The Helmer Transformations, a joint exhibition by Máté Dobokay and Áron Kútvölgyi-Szabó, is not only a juxtaposition of two artists, but also the result of a joint thinking and working process. The transformation in the title refers both to the source of the raw images and to the process of processing. The work of art, in both the figurative and the literal sense of the word, thus always revolves around some kind of transformation, whether medial or manual.
The starting point, the raw material for the collaborative work, is the work of the Swedish photographer, professor, writer and collector Helmer Bäckström (1891-1964), who was the first professor of photography at the Royal Swedish Institute of Technology: his digitised oeuvre forms the core material of two museums in Stockholm. The works of the two artists, which were expropriated and reworked, were the link and the starting point for this found collection.

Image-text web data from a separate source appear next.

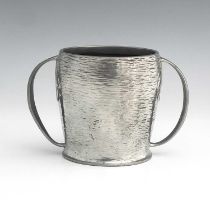 Archibald Knox for Liberty and Co., an Arts and Crafts Tudric pewter twin handled mug, model 0929,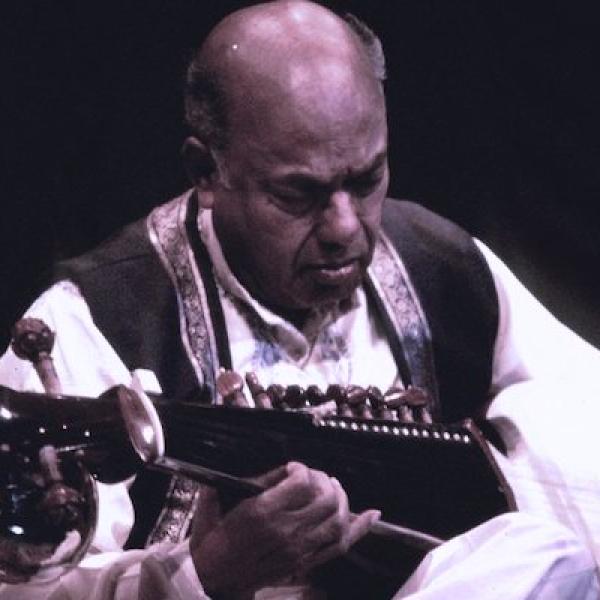 A man playing an instrument.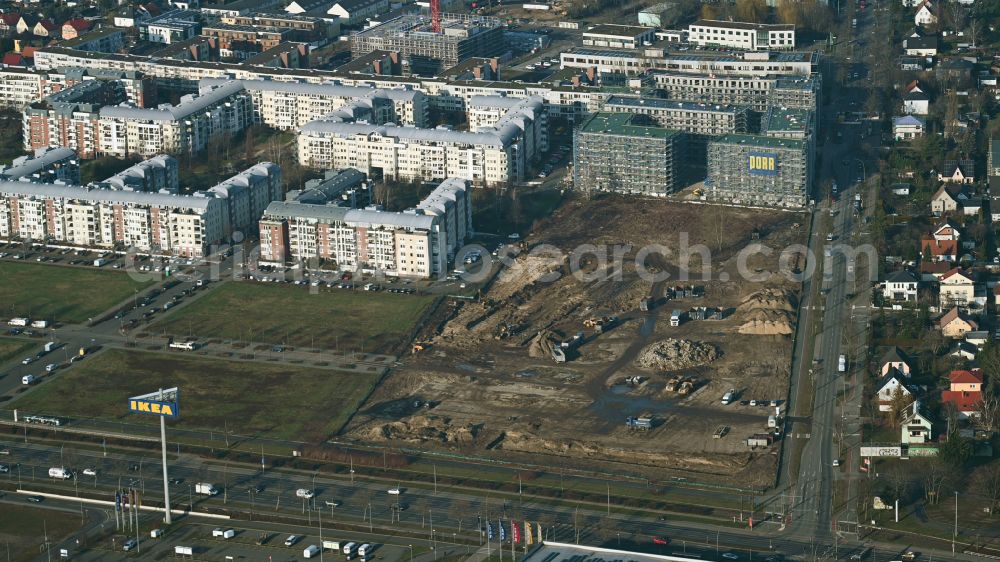 Berlin from the bird's eye view: Construction site to build a new multi-family residential complex Weisse Taube between Ferdinand-Schultze-Strasse, Plauener Strasse and Landsberger Allee in the district Hohenschoenhausen in Berlin, Germany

The material, with its sometimes striking formal overlaps and visual analogies with their earlier works, provided an ideal platform for the collaborative work that preceded the exhibition. The images created through experimental processes, their medial transformations, were realised using photographic processes not previously employed, in which the concepts of re-creation and re-construction are reinterpreted according to themes: the relationship between image and space, the relationship between image and medium, image as object, image as space.
In Kútvölgyi-Szabó’s doctoral research, the role of imagery and spatiality in knowledge is presented, the image as a carrier of information, which, in parallel with representation, necessarily obscures, distorts or misinterprets certain information. With his folded, deformed works, he attempts to make images multi-view, a kind of spatialisation.
Dobokay’s works emphasise photography as a medium, as a malleable starting point, coloured by the themes of education and knowledge transfer. His experimental works are generally characterised by thinking about the structure of the photograph, and by pushing the boundaries of the medium.